*WHAT YOU ARE ASKED TO DO*: Print all the records below, word for word and in full.

*** Opening of INFORMATION GIVEN ***

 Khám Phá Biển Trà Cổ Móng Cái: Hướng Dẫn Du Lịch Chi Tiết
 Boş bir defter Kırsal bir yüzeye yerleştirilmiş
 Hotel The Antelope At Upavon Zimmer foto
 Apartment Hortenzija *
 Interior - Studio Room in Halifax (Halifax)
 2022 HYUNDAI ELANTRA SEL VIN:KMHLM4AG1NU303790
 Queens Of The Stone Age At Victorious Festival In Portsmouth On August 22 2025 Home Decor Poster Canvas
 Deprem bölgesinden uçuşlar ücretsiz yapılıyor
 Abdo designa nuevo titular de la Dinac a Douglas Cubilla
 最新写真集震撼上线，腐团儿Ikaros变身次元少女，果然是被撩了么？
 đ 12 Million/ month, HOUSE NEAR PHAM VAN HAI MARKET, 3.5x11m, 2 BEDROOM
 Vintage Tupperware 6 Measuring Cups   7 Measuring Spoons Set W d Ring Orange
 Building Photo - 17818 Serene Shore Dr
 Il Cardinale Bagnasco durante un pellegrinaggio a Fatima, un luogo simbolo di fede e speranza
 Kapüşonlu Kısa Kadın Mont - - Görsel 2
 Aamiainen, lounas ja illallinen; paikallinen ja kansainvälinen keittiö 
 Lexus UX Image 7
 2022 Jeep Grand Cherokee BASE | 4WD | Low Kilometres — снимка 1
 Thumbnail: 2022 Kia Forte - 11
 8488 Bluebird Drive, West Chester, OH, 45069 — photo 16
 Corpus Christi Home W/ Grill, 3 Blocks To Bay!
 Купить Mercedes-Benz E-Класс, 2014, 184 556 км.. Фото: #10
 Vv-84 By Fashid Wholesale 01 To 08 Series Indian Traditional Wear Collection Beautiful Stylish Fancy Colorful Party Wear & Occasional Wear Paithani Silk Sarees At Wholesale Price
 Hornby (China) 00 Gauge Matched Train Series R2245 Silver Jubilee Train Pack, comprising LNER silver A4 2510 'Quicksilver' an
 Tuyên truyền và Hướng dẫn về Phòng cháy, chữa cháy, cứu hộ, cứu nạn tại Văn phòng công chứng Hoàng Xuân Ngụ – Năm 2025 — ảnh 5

*** Close of INFORMATION GIVEN ***

*WRITTEN RESPONSE*:
 Khám Phá Biển Trà Cổ Móng Cái: Hướng Dẫn Du Lịch Chi Tiết
 Boş bir defter Kırsal bir yüzeye yerleştirilmiş
 Hotel The Antelope At Upavon Zimmer foto
 Apartment Hortenzija *
 Interior - Studio Room in Halifax (Halifax)
 2022 HYUNDAI ELANTRA SEL VIN:KMHLM4AG1NU303790
 Queens Of The Stone Age At Victorious Festival In Portsmouth On August 22 2025 Home Decor Poster Canvas
 Deprem bölgesinden uçuşlar ücretsiz yapılıyor
 Abdo designa nuevo titular de la Dinac a Douglas Cubilla
 最新写真集震撼上线，腐团儿Ikaros变身次元少女，果然是被撩了么？
 đ 12 Million/ month, HOUSE NEAR PHAM VAN HAI MARKET, 3.5x11m, 2 BEDROOM
 Vintage Tupperware 6 Measuring Cups   7 Measuring Spoons Set W d Ring Orange
 Building Photo - 17818 Serene Shore Dr
 Il Cardinale Bagnasco durante un pellegrinaggio a Fatima, un luogo simbolo di fede e speranza
 Kapüşonlu Kısa Kadın Mont - - Görsel 2
 Aamiainen, lounas ja illallinen; paikallinen ja kansainvälinen keittiö 
 Lexus UX Image 7
 2022 Jeep Grand Cherokee BASE | 4WD | Low Kilometres — снимка 1
 Thumbnail: 2022 Kia Forte - 11
 8488 Bluebird Drive, West Chester, OH, 45069 — photo 16
 Corpus Christi Home W/ Grill, 3 Blocks To Bay!
 Купить Mercedes-Benz E-Класс, 2014, 184 556 км.. Фото: #10
 Vv-84 By Fashid Wholesale 01 To 08 Series Indian Traditional Wear Collection Beautiful Stylish Fancy Colorful Party Wear & Occasional Wear Paithani Silk Sarees At Wholesale Price
 Hornby (China) 00 Gauge Matched Train Series R2245 Silver Jubilee Train Pack, comprising LNER silver A4 2510 'Quicksilver' an
 Tuyên truyền và Hướng dẫn về Phòng cháy, chữa cháy, cứu hộ, cứu nạn tại Văn phòng công chứng Hoàng Xuân Ngụ – Năm 2025 — ảnh 5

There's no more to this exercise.